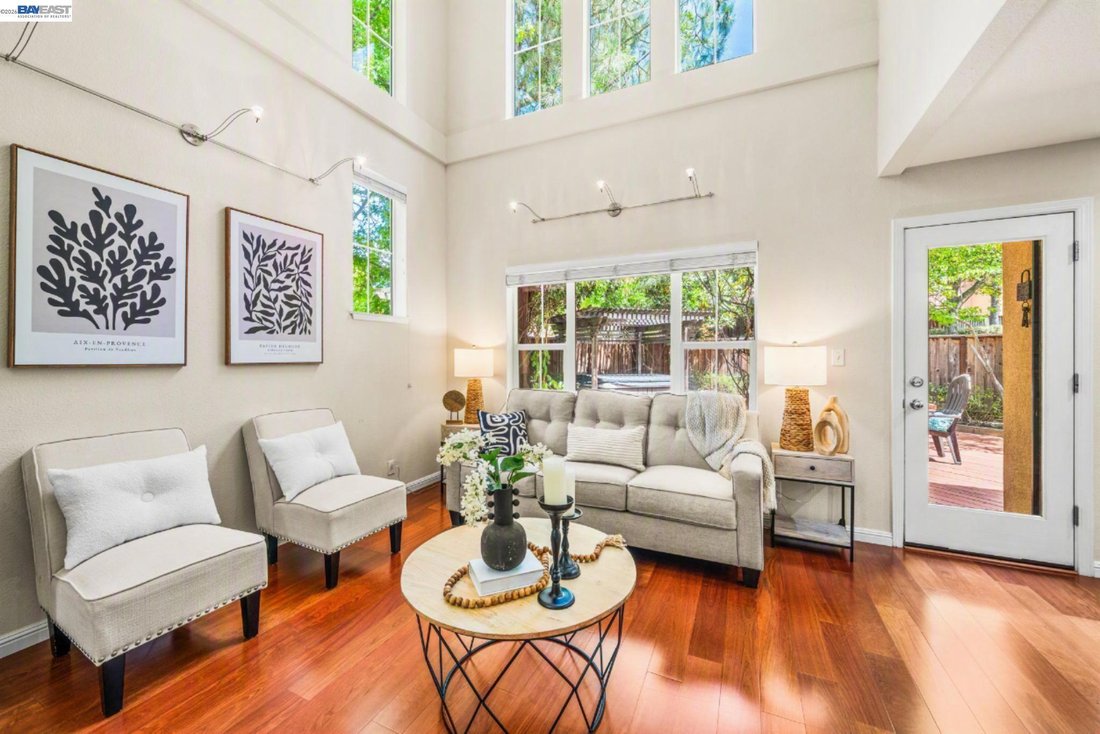 Townhouse in San Ramon, California, United States 5 - 18682292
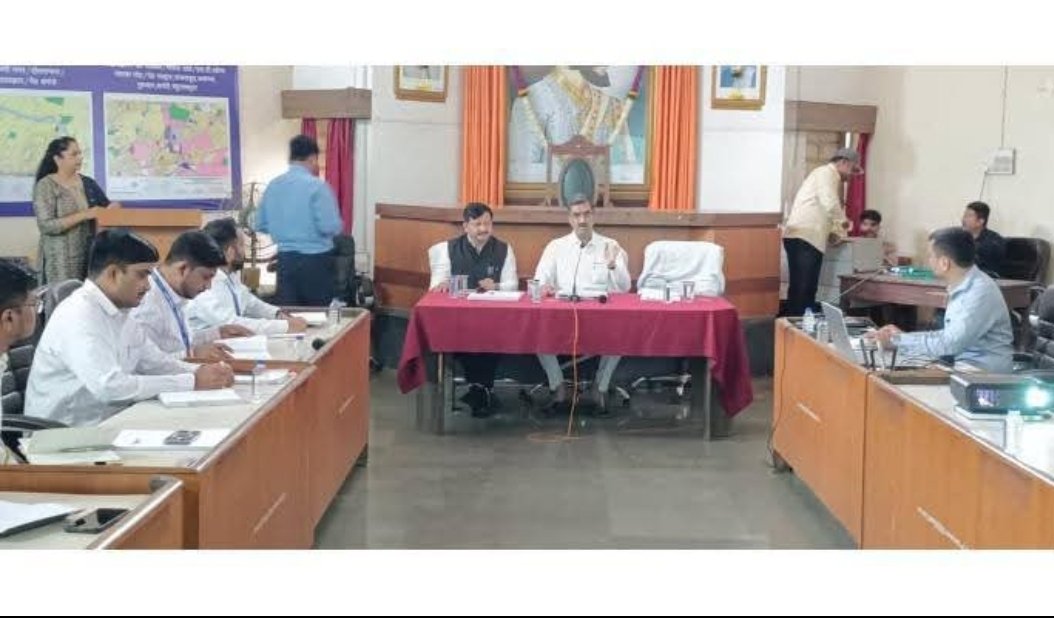 पालकमंत्र्यांनी घेतला सातारा नगरपालिकेच्या कामकाजाचा आढावा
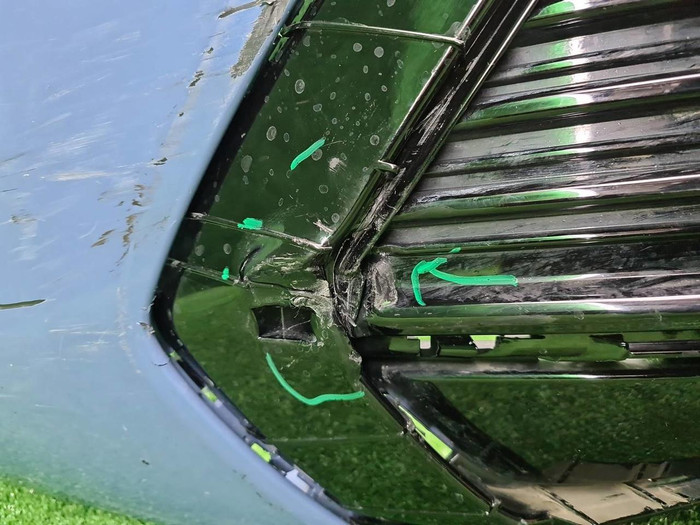 Бампер задний Hongqi HS3 (2023-н.в.)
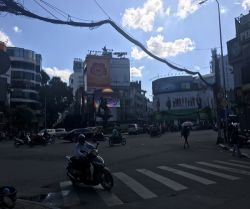 cho thue nha quan 1  cho thue mat tien duong ly tu trong phuong ben thanh quan 1  dt  9x18m 1 lau  gia  9 000 usd  thang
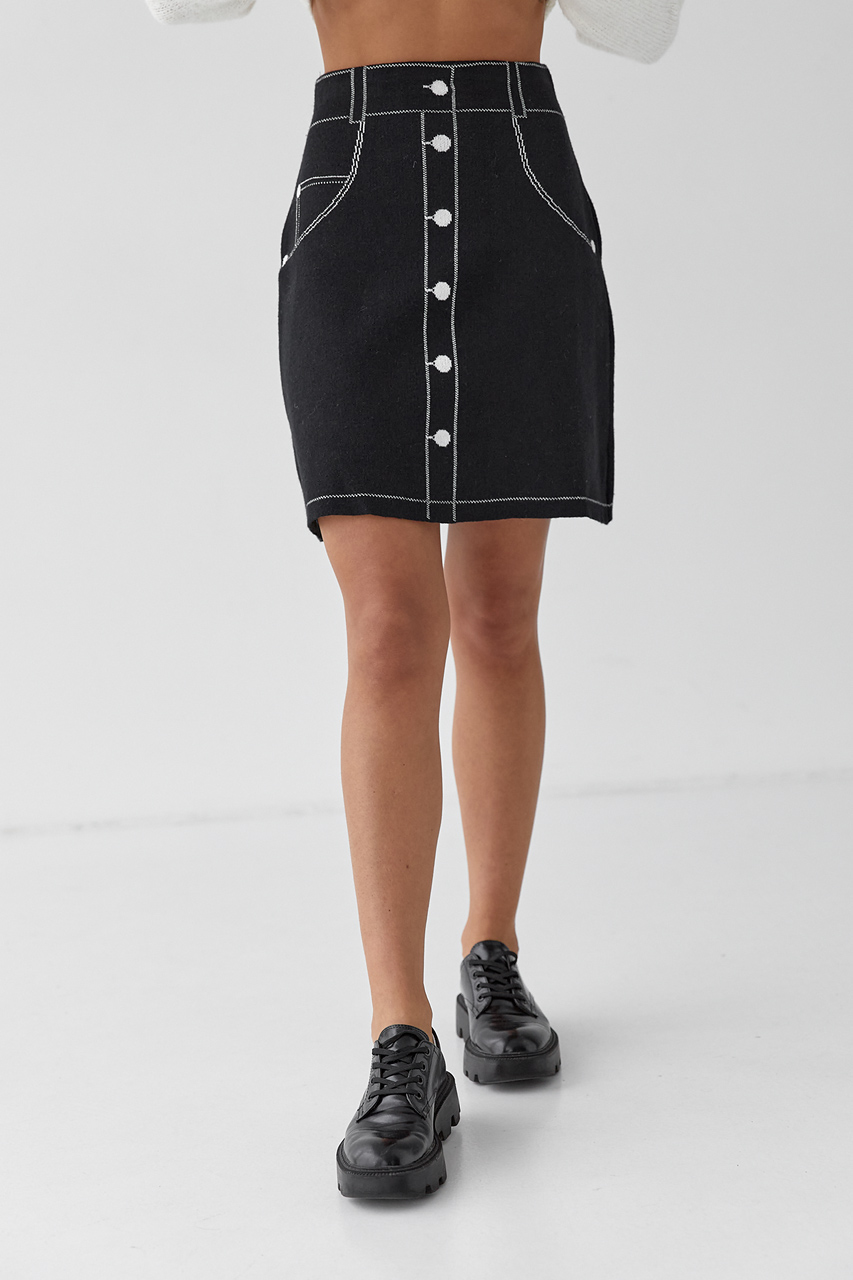 Трикотажная мини-юбка с нарисованными пуговицами и карманами - черный 
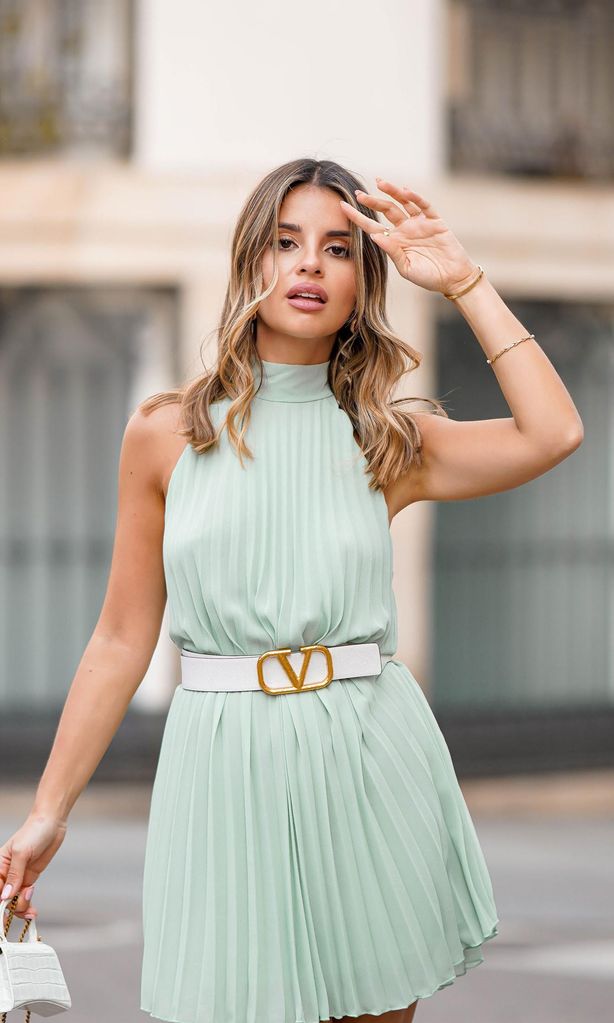 Natalia Osona HOLA PLUS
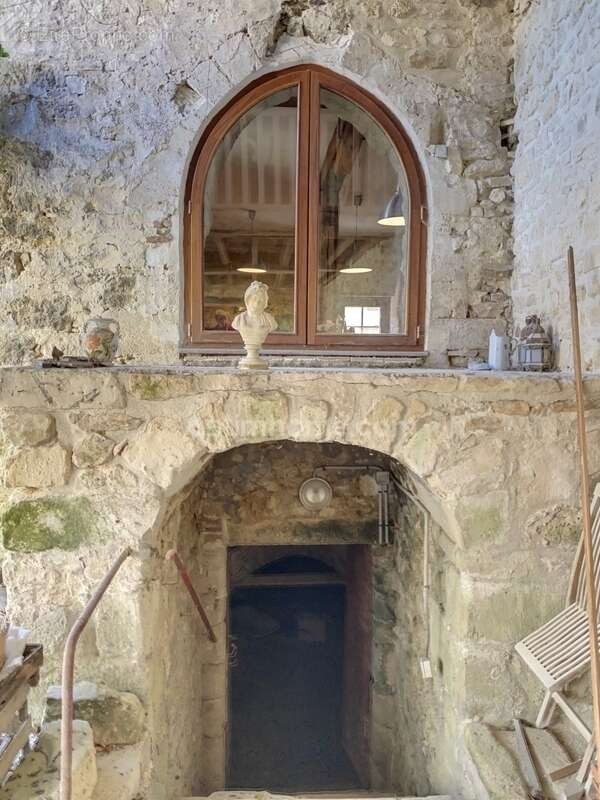 Maison à BRUYERES-ET-MONTBERAULT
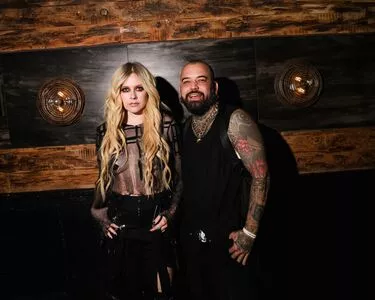 Avril Lavigne / AvrilLavigne nude photo #0662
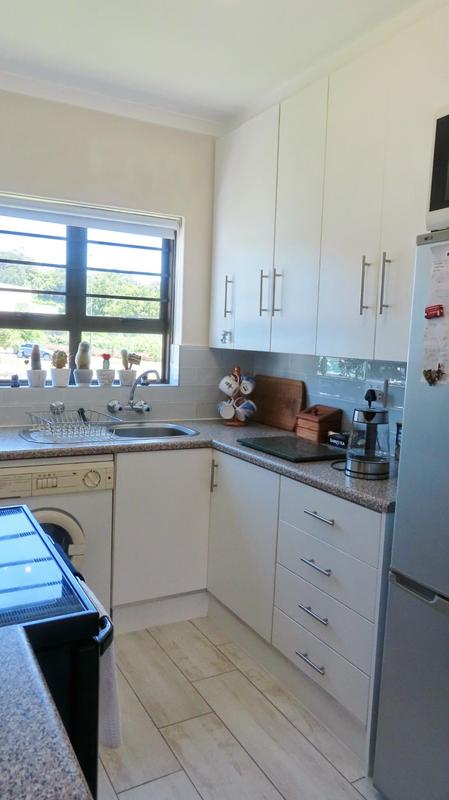 To Let 2 Bedroom Property for Rent in Paradyskloof Western Cape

**********

* [What this task involves]:
Your task is to reproduce exactly the lines from the one that holds "cho thue nha" to the last line of the listing, and only those, omitting the pictures.

* [Finished task]:
 cho thue nha quan 1  cho thue mat tien duong ly tu trong phuong ben thanh quan 1  dt  9x18m 1 lau  gia  9 000 usd  thang
 Трикотажная мини-юбка с нарисованными пуговицами и карманами - черный 
 Natalia Osona HOLA PLUS
 Maison à BRUYERES-ET-MONTBERAULT
 Avril Lavigne / AvrilLavigne nude photo #0662
 To Let 2 Bedroom Property for Rent in Paradyskloof Western Cape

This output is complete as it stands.